(Records to process Opens)
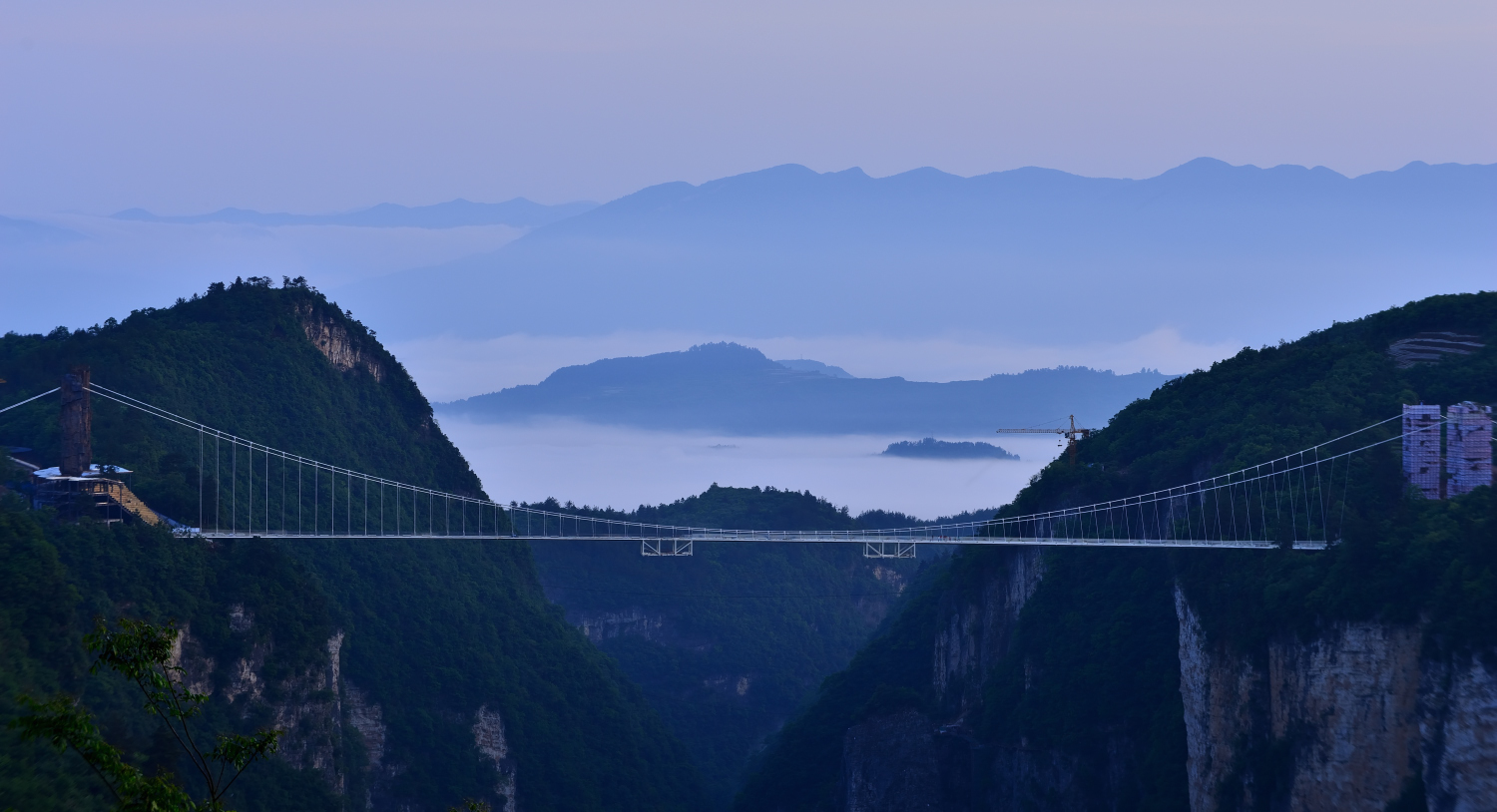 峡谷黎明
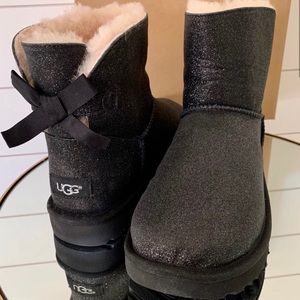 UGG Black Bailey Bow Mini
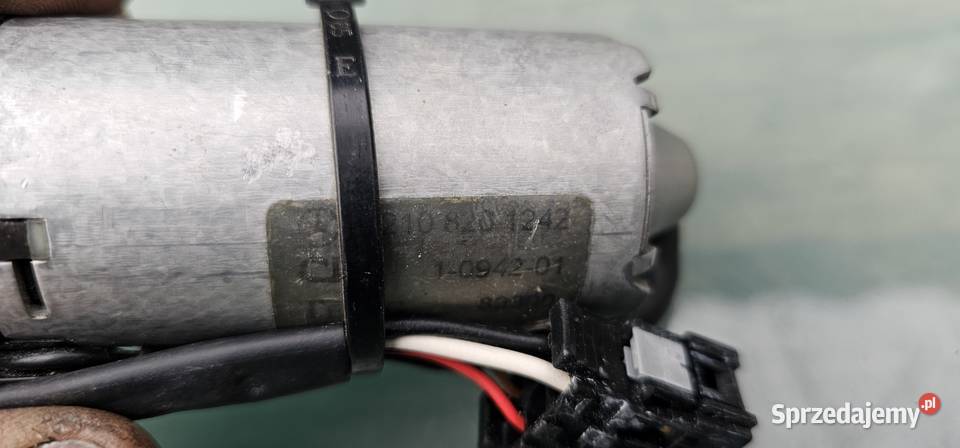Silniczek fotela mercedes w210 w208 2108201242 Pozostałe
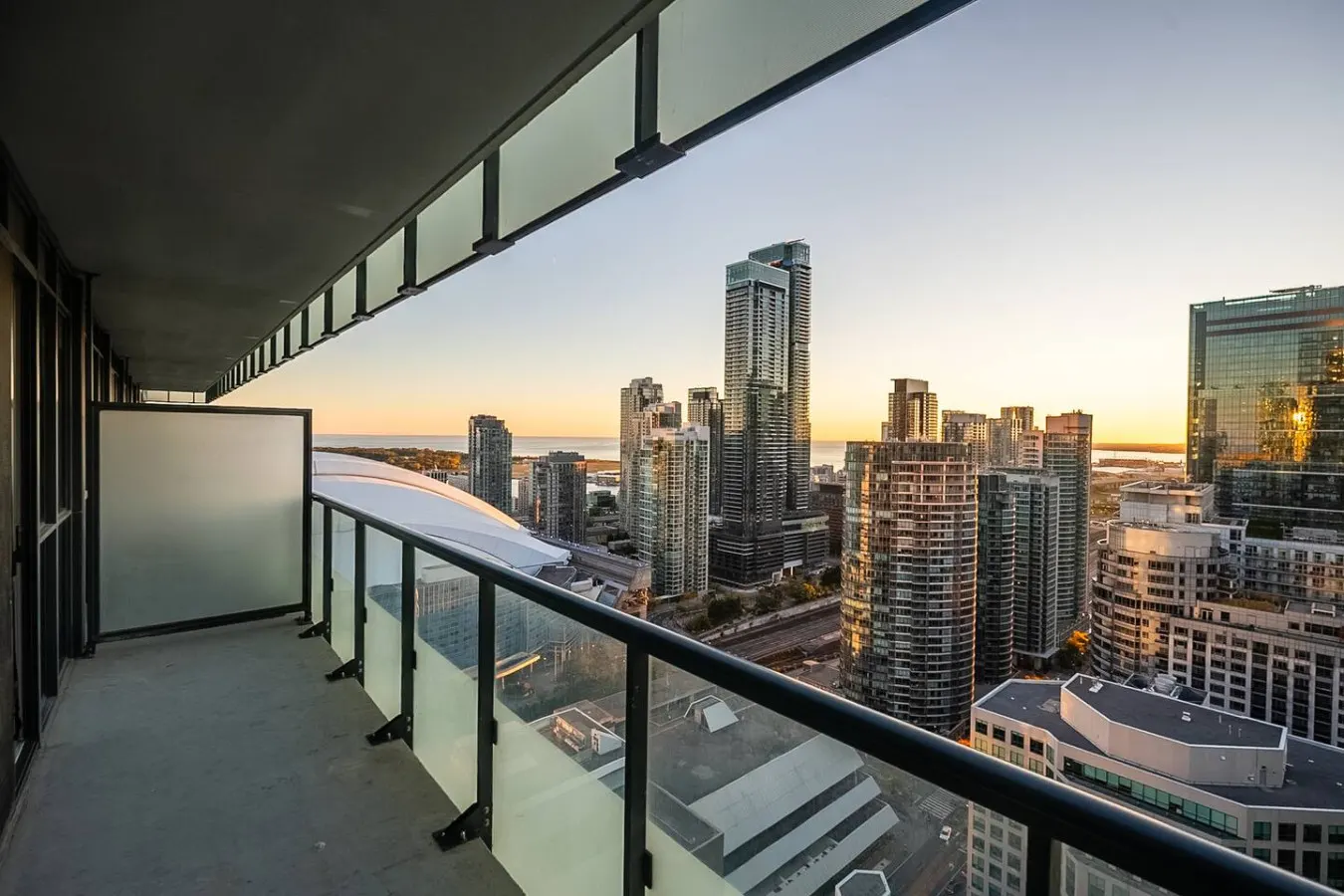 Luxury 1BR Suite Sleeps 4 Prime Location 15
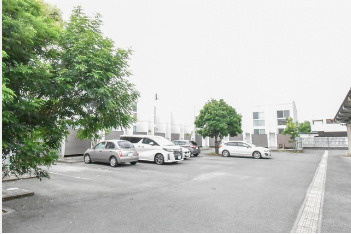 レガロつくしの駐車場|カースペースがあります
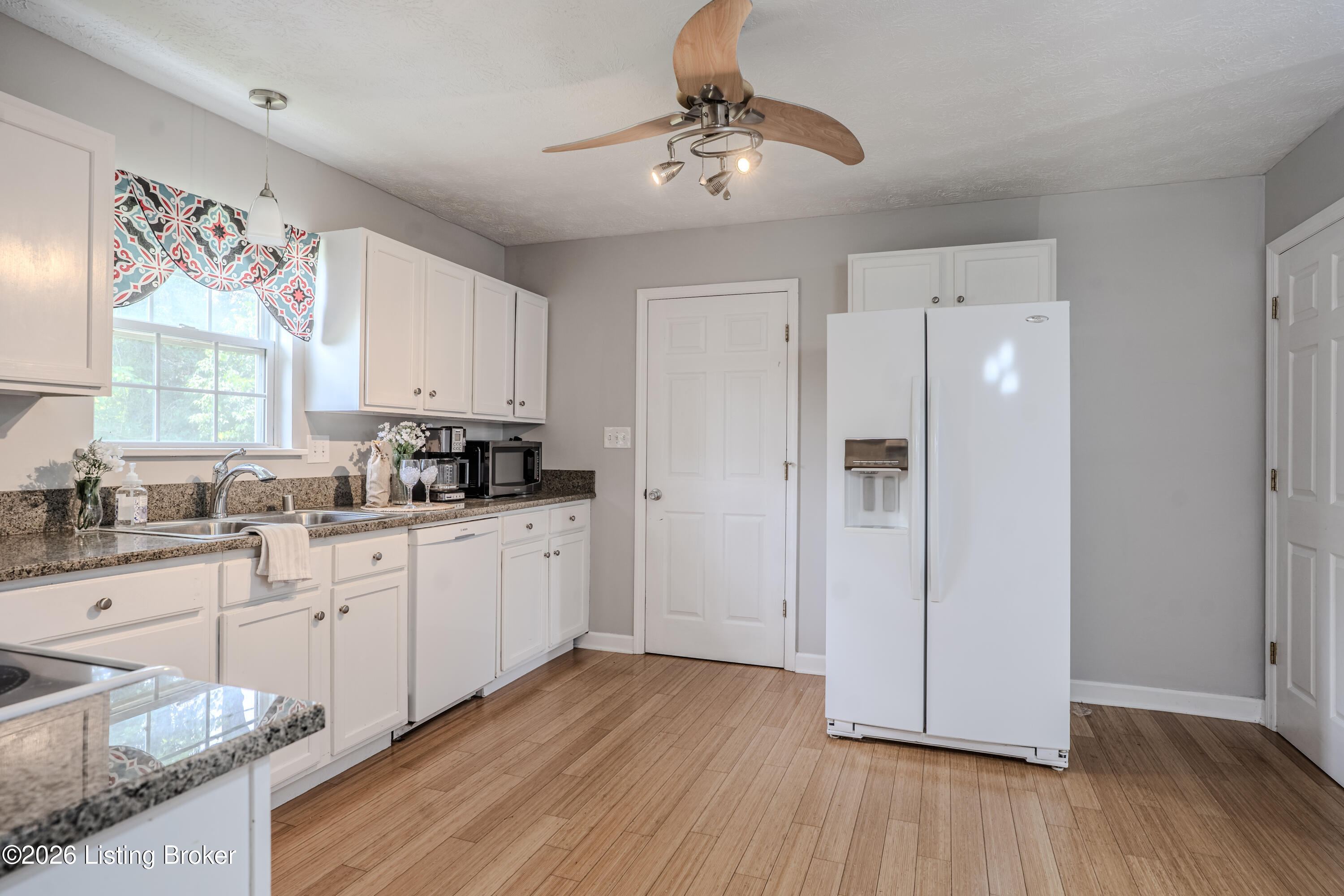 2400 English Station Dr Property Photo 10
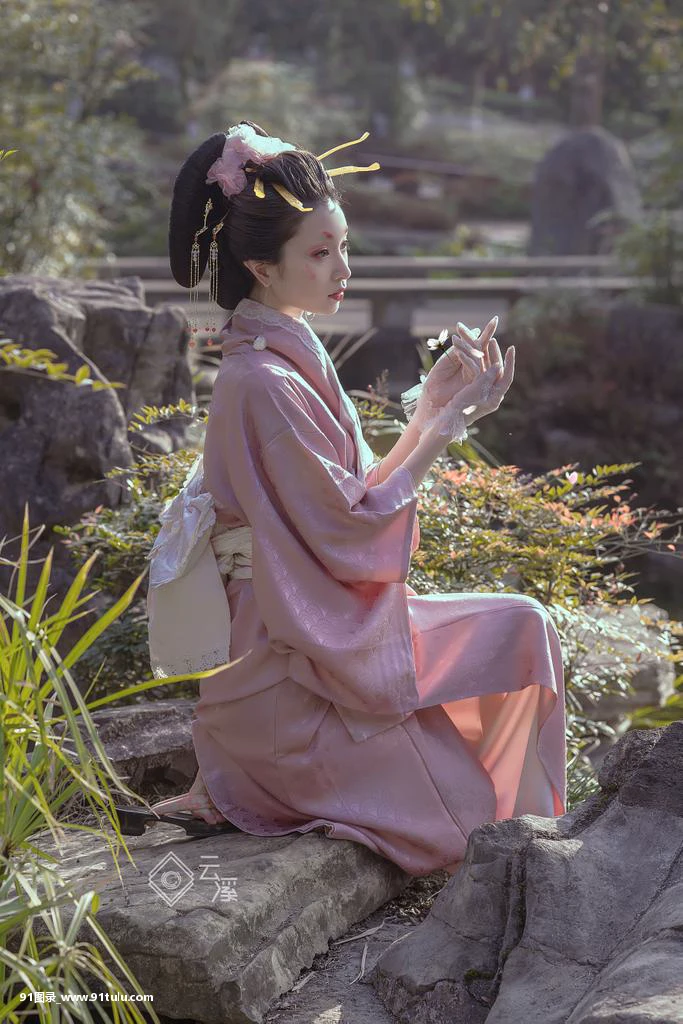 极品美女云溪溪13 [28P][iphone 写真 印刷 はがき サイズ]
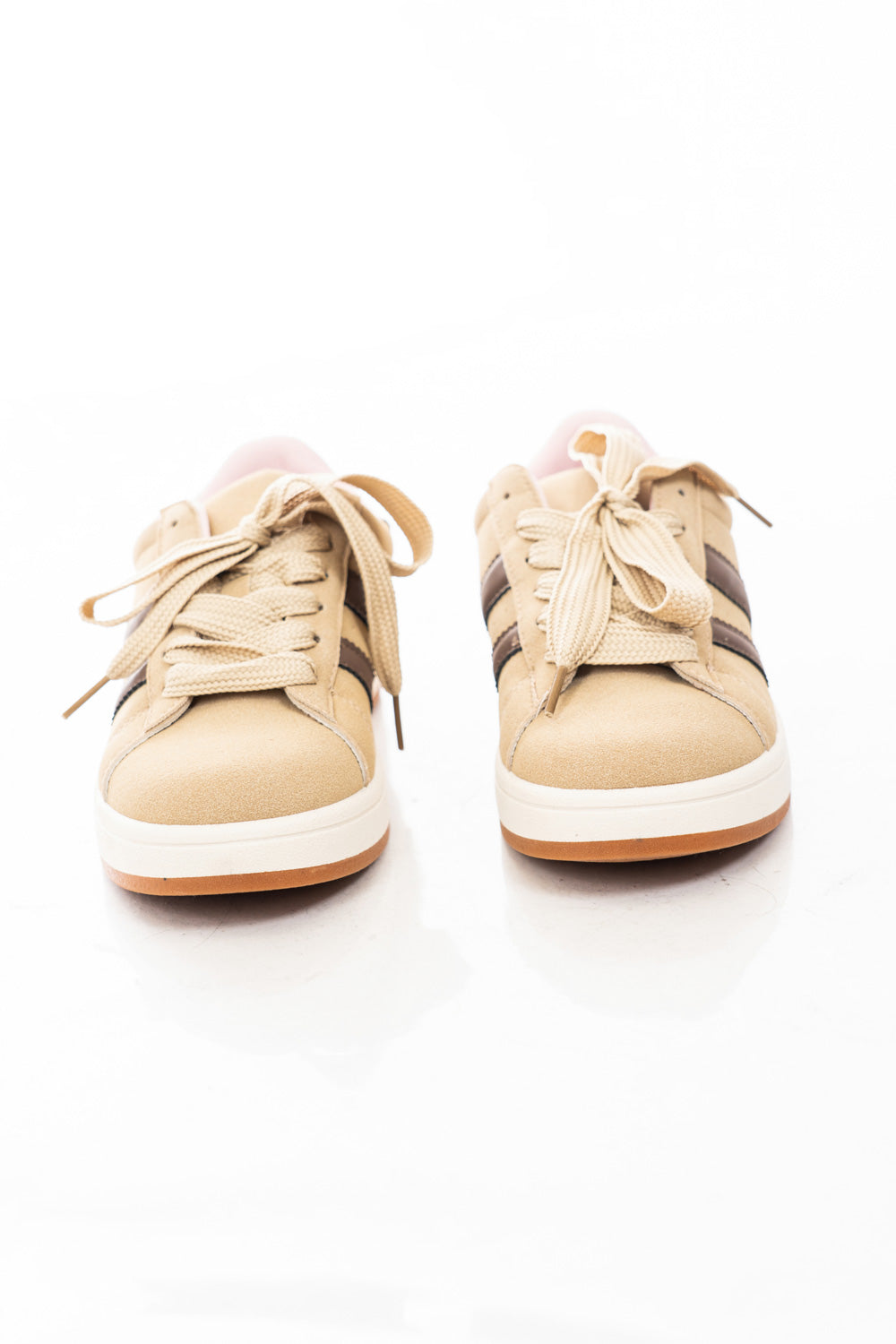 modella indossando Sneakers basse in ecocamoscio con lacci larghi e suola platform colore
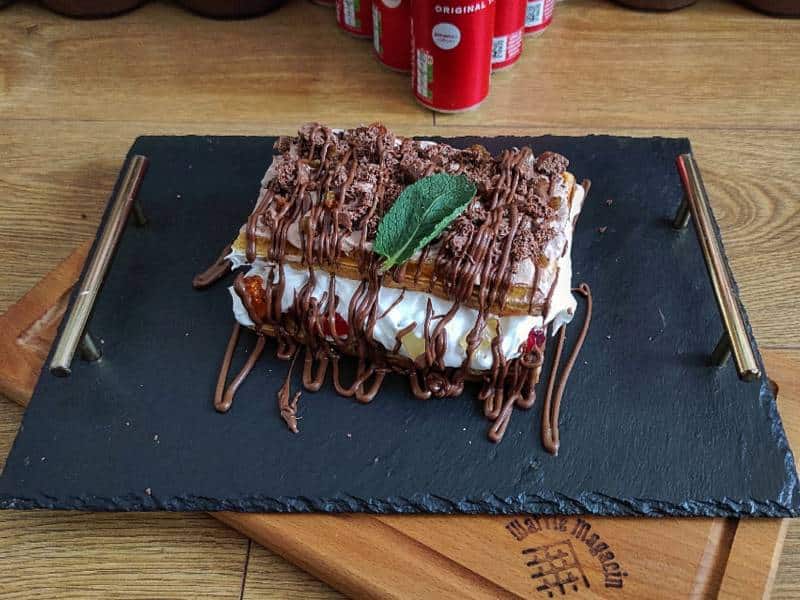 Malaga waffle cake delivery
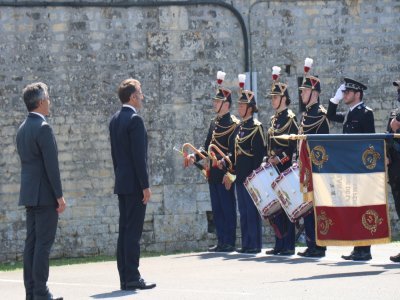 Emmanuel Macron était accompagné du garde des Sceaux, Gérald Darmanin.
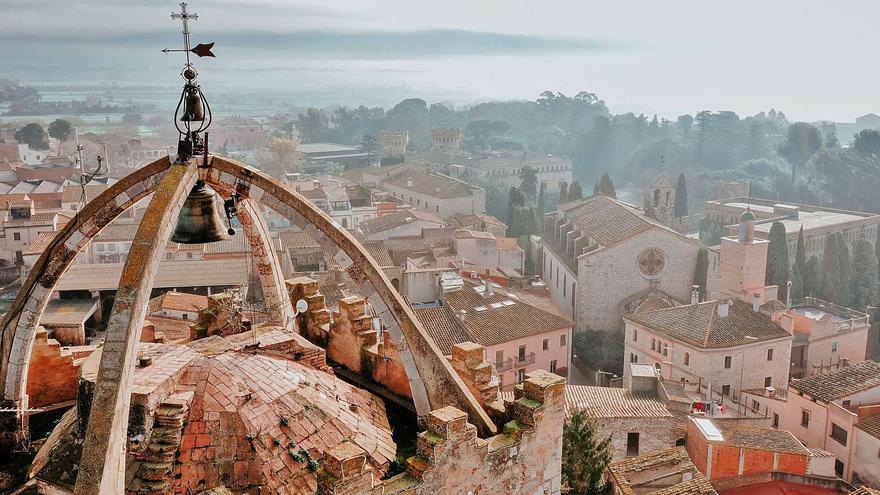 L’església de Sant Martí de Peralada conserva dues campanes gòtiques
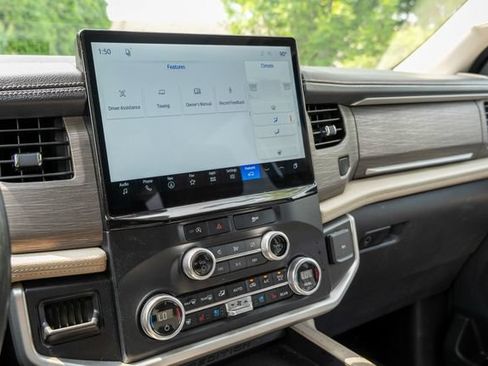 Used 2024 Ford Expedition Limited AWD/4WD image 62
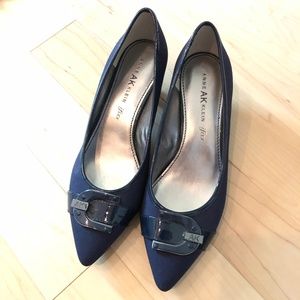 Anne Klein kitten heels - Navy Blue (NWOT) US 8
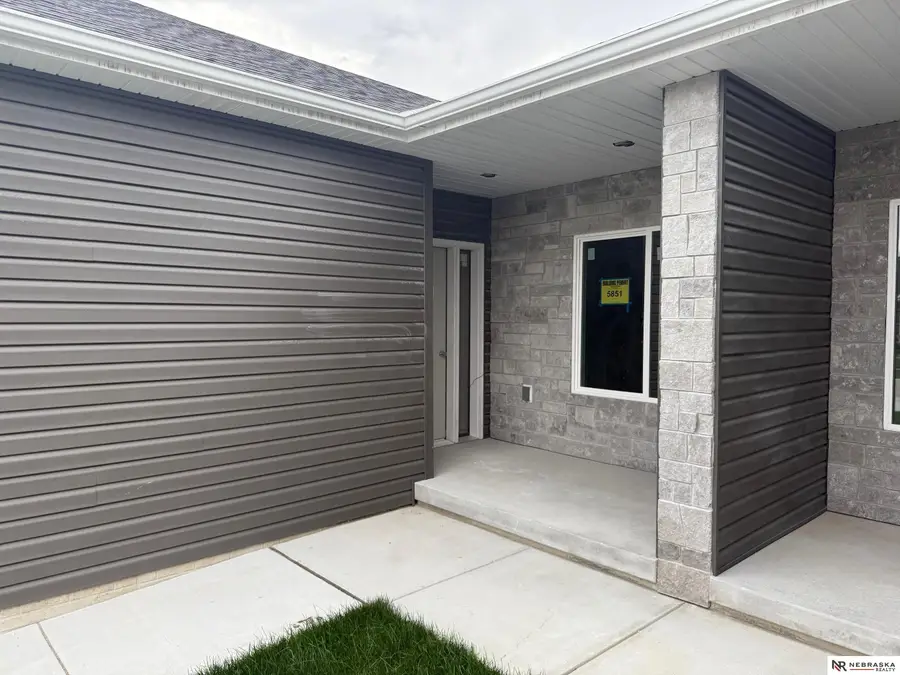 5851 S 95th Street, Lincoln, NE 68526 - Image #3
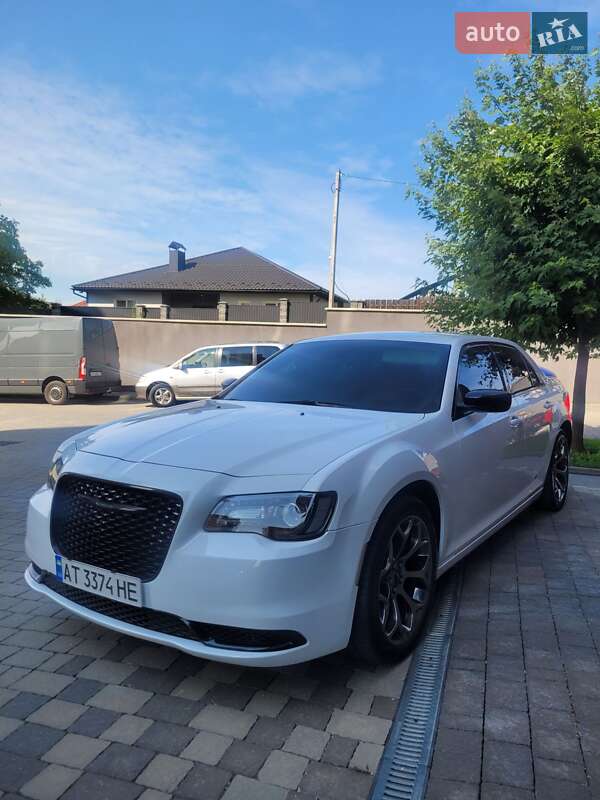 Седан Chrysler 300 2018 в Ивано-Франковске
(Records to process Closes)
- [What is expected]: Send back every line of the listing exactly. Omit the images.

- [Exercise output]:
 峡谷黎明
 UGG Black Bailey Bow Mini
Silniczek fotela mercedes w210 w208 2108201242 Pozostałe
 Luxury 1BR Suite Sleeps 4 Prime Location 15
 レガロつくしの駐車場|カースペースがあります
 2400 English Station Dr Property Photo 10
 极品美女云溪溪13 [28P][iphone 写真 印刷 はがき サイズ]
 modella indossando Sneakers basse in ecocamoscio con lacci larghi e suola platform colore
 Malaga waffle cake delivery
 Emmanuel Macron était accompagné du garde des Sceaux, Gérald Darmanin.
 L’església de Sant Martí de Peralada conserva dues campanes gòtiques
 Used 2024 Ford Expedition Limited AWD/4WD image 62
 Anne Klein kitten heels - Navy Blue (NWOT) US 8
 5851 S 95th Street, Lincoln, NE 68526 - Image #3
 Седан Chrysler 300 2018 в Ивано-Франковске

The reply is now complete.